So, it is just a question of time. If we are going to look to the future, if we are going to preserve this important waterway, which is one of the vital waterways of the world, it seems to me the only sensible thing to do is to maintain control of it.

but

Now, I don't object to helping Panama. I don't know whether you were in here when I said this, but I would favor turning over any surplus part of the zone that we do not need for the security of the canal. I would favor increasing the annuity to the Panamanians, not to the extent of $70 million a year, which is ridiculous. To give them a $9 billion investment is, to me, something the American people will not stand for. But we could increase the annuity. Then I think we could bring about a modernization of the canal by enacting the Terminal Lake-Third Locks plan. We could spend $1.5 to $2.5 billion there. Think what a spurt in their economy that would be, to their schools, their health, to every facet of life in Panama. Think of the jobs that would be created down there. Think of the standard of living that would be increased.

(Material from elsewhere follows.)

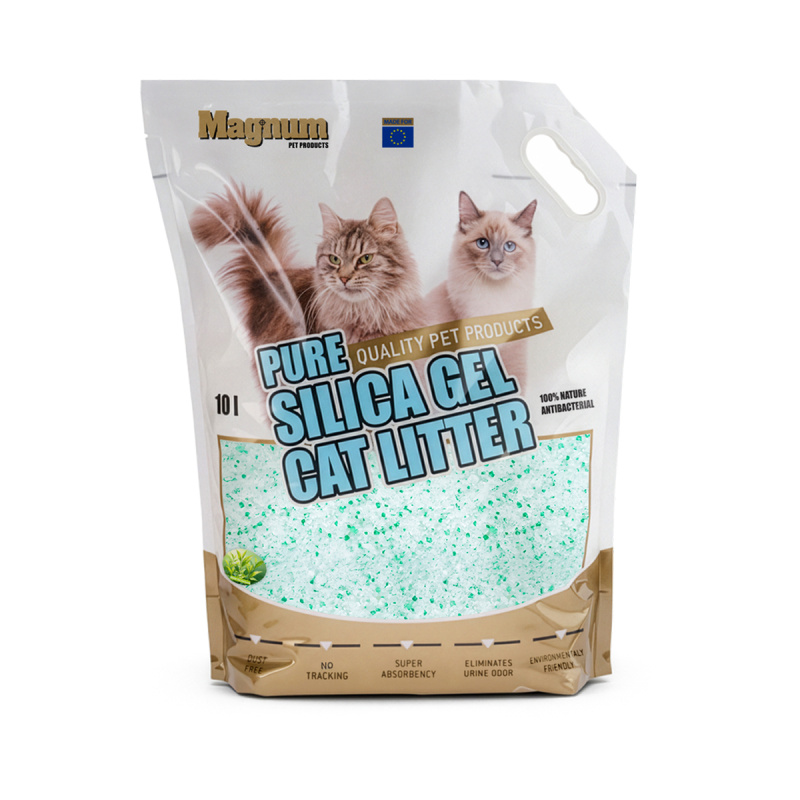 Magnum Pure Silica Gel Cat Litter Green Tea Balení: 10 l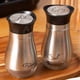 thumbnail image 1 of Add Flavor to Your Meals with 2-Piece Refillable Salt & Pepper Shakers Set - Stainless Steel Lid Container, 3.4oz Size, Perfect for Home Kitchen, Restaurant, and Picnic - Essential Kitchen Accessories, 1 of 5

We have not mistreated Panama. Panama wanted this canal. Panama was vying with Nicaragua to enter into this agreement with us. Panama has been treated right, and we want to continue to work with the Panamanian people and treat Panama right. I would favor taking such palliative steps as I mentioned in order to improve the situation. But, so far as giving up this canal under threats or blackmail, I will say no, a thousand times no.

DATE OF LETTER FROM FORMER CHIEFS OF STAFF

Senator JAVITS. Senator, what is the date of the letter of the four Chiefs of Staff?

Senator THURMOND. It is June 8, 1977. I believe Admiral Moorer just last week testified in the House also confirming his statement here and elaborating on the situation.

Senator JAVITS. But they wrote that letter before the terms of the treaty were known; isn't that true?

Senator THURMOND. Yes; and I believe that the President of the United States announced his approval before he had read it, too. [General laughter.]

Senator JAVITS. I would not say that about the President.

Senator THURMOND. I do believe that he admitted that.

Senator JAVITS. OK. Thank you, Senator, and thank you, Mr. Chairman.

The CHAIRMAN. Senator Percy.

Senator PERCY. Thank you, Mr. Chairman.

AGREEMENT ON NECESSITY OF NEW ARRANGEMENTS

Senator Thurmond, I was interested in your statement which you caption "positive alternatives." You say, "I am not opposed to a new arrangement with Panama but strongly oppose this treaty."

Is it true that all proponents and opponents of this treaty at least agree on one thing, that we cannot just keep on going the way we have been with the 1903 treaty? For 13 years we have been negotiating under several administrations. So at least in principle are we agreed that we have to make some new arrangement? Aren't you simply saying that today you oppose the present treaties before us?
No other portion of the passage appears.